## DATA FOR THIS TASK

--------------------------------------------------

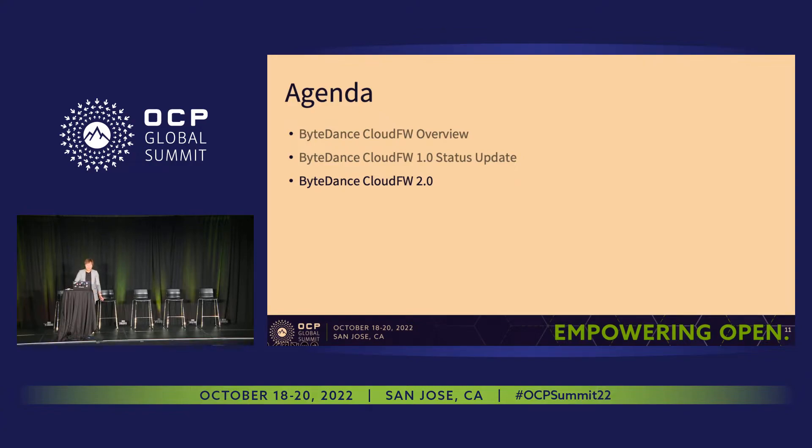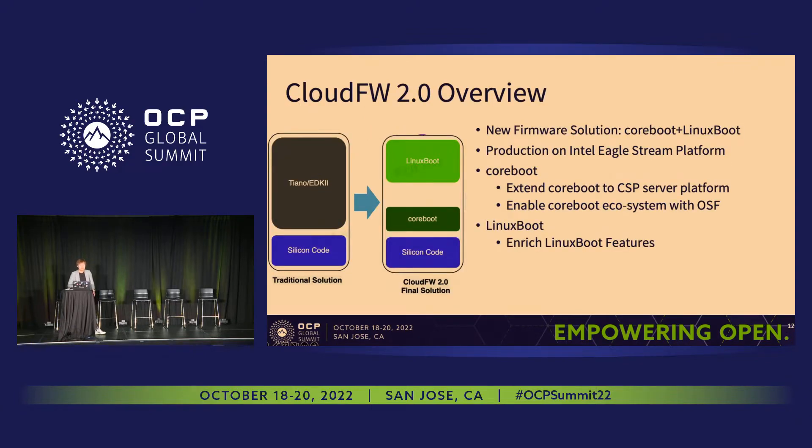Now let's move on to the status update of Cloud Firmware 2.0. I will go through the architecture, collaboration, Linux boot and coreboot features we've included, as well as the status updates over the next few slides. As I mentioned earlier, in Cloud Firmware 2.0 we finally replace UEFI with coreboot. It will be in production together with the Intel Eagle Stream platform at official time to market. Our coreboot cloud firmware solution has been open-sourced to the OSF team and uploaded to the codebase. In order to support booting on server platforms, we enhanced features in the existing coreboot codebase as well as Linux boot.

--------------------------------------------------

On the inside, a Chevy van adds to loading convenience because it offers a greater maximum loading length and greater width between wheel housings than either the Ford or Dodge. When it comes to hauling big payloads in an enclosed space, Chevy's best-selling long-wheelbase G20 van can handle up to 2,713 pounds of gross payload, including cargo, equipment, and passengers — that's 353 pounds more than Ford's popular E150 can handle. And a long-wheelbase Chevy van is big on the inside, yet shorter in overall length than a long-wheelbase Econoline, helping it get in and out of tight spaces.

--------------------------------------------------

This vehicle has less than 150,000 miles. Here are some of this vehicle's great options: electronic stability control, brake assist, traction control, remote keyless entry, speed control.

--------------------------------------------------

## TO DO
Would you copy out every line in the records that includes the string "than"?

## COMPLETED EXERCISE
On the inside, a Chevy van adds to loading convenience because it offers a greater maximum loading length and greater width between wheel housings than either the Ford or Dodge. When it comes to hauling big payloads in an enclosed space, Chevy's best-selling long-wheelbase G20 van can handle up to 2,713 pounds of gross payload, including cargo, equipment, and passengers — that's 353 pounds more than Ford's popular E150 can handle. And a long-wheelbase Chevy van is big on the inside, yet shorter in overall length than a long-wheelbase Econoline, helping it get in and out of tight spaces.
This vehicle has less than 150,000 miles. Here are some of this vehicle's great options: electronic stability control, brake assist, traction control, remote keyless entry, speed control.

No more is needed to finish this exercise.